Some of the side effects may include pain which results from occluding the blood supply, fever, infection and sepsis. The data also shows that if one resorts to a uterine fibroid embolization, the chances are higher that a patient may require a further surgery in two years which compared to women who underwent a straight myomectomy or an outright hysterectomy.¹⁴

HIGH INTENSITY FOCUSED ULTRASOUND (HIFU)
In contrast to Uterine Artery Embolization, HIFU uses no radiation. Rather, it acts much like the principle of using the magnifying glass to focus sunlight and burn paper. Focused ultrasound makes use of an acoustic lens to concentrate multiple intersecting beams of ultrasound on a target. Each single beam can pass through tissues with little effect but at the focal point where the beams all converge, the energy can generate heat high enough to ablate fibroids and cause cell death, blast ovarian cysts and even get rid of kidney stones.

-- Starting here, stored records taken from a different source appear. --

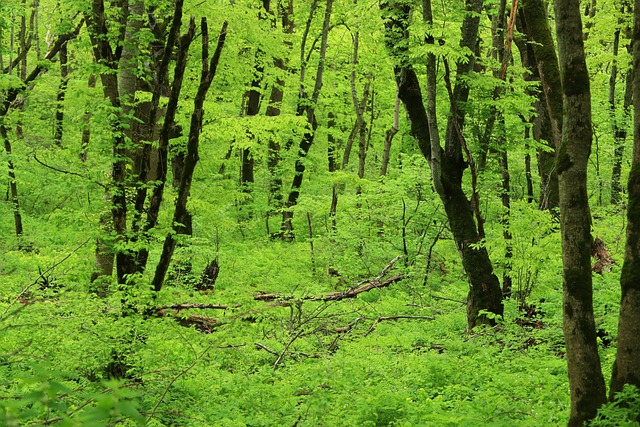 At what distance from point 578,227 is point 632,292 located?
599mm

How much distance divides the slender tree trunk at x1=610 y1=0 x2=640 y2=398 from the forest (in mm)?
15

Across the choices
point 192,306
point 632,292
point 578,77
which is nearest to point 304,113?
point 192,306

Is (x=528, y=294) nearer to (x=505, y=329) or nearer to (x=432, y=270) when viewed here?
(x=505, y=329)

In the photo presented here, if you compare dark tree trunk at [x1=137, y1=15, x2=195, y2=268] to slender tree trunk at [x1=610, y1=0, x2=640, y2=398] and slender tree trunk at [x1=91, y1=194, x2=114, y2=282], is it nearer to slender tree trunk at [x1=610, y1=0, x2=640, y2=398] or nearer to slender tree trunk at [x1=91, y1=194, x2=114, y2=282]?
slender tree trunk at [x1=91, y1=194, x2=114, y2=282]

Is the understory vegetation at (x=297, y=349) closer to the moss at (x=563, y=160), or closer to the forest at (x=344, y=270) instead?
the forest at (x=344, y=270)

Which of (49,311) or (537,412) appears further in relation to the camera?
(49,311)

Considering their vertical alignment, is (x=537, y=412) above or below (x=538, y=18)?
below

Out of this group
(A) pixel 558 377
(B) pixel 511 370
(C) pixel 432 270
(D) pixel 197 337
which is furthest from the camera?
(C) pixel 432 270

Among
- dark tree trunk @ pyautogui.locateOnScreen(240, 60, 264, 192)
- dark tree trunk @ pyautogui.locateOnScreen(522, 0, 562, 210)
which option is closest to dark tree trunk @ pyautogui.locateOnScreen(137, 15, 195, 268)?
dark tree trunk @ pyautogui.locateOnScreen(522, 0, 562, 210)

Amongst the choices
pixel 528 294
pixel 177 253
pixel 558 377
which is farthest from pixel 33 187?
pixel 558 377

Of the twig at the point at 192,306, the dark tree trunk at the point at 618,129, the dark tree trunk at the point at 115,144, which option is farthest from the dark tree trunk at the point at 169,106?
the dark tree trunk at the point at 618,129

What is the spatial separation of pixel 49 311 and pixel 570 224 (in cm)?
612

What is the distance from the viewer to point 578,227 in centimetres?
422

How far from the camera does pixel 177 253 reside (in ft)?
40.1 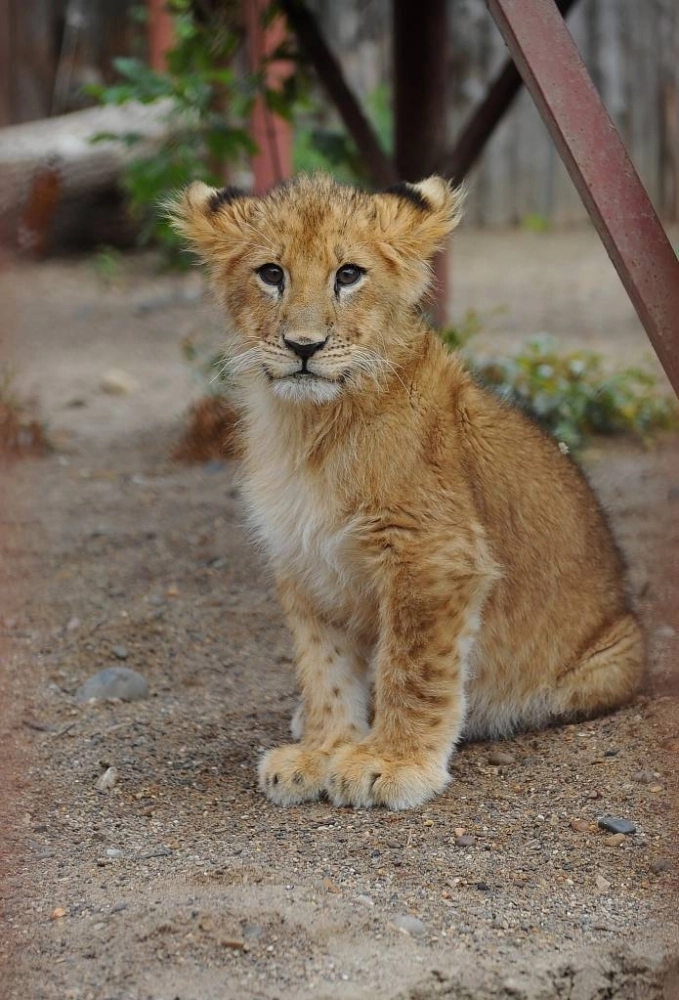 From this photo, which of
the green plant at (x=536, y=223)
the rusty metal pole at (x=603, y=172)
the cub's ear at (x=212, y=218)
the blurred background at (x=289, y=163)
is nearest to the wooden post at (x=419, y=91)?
the blurred background at (x=289, y=163)

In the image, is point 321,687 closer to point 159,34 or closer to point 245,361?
point 245,361

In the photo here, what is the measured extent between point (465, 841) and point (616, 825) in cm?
41

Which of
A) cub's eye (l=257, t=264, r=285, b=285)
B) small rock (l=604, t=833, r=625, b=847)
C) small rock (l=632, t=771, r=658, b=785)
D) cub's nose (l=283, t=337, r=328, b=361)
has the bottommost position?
small rock (l=604, t=833, r=625, b=847)

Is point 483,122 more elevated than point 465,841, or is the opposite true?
point 483,122

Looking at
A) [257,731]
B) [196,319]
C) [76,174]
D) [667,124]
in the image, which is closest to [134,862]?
[257,731]

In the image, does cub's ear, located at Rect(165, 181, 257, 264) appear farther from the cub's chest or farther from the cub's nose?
the cub's chest

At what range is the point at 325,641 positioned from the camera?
4359 mm

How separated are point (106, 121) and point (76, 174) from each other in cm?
53

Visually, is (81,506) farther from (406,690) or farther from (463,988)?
(463,988)

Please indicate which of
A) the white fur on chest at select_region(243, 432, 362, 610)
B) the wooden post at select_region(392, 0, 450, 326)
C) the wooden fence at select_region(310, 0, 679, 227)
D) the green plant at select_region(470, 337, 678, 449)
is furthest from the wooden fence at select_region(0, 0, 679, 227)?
the white fur on chest at select_region(243, 432, 362, 610)

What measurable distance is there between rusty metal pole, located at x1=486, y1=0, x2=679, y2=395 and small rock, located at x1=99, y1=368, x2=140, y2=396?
6.39 meters

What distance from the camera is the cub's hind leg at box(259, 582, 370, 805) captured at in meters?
4.25

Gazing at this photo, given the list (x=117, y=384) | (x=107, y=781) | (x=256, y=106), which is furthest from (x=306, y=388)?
(x=117, y=384)

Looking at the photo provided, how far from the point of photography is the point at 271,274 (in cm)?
407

On Oct. 2004, the US FDA first approved the HIFU for treatment of symptomatic uterine fibroids. The HIFU has been shown to be a safe and effective morality in achieving symptomatic relief while avoiding the risks inherent to surgery or other invasive therapies.15 Upto 16-20% will require additional intervention. ¹³

SURGICAL TREATMENT HYSTEROSCOPY
Hysteroscopic enucleation of a myoma is possible if the location of the myoma is inside the uterine cavity, the submucosal type. The patient usually comes to the clinic with complaints of bleeding. In fact, 59.8% of patients with myoma who present with vaginal bleeding actually have a submucosal myoma.16 It may also be discovered in patients who cannot get pregnant and in those with recurrent spontaneous abortion.17,18 Patients who have submucosal uterine fibroids may be attributed to dysregulated uterine contractility.¹⁹

In 20% of infertile patients, intrauterine fibroids or polyps are diagnosed.^17,20 After hysteroscopic resection of intrauterine myoma, pregnancy rates
reach about 50%21 and bleeding symptoms are resolved in 70-99% of cases.¹⁸

As previously presented, we go back to the International Federation of Gynecology & Obstetrics classification of myoma:
• Type 0: the myoma is located completely in the uterine cavity or pedunculated.
• Type 1: <50% of the myoma is located in the myometrium. • Type 2: >50% of the myoma is located in the myometrium.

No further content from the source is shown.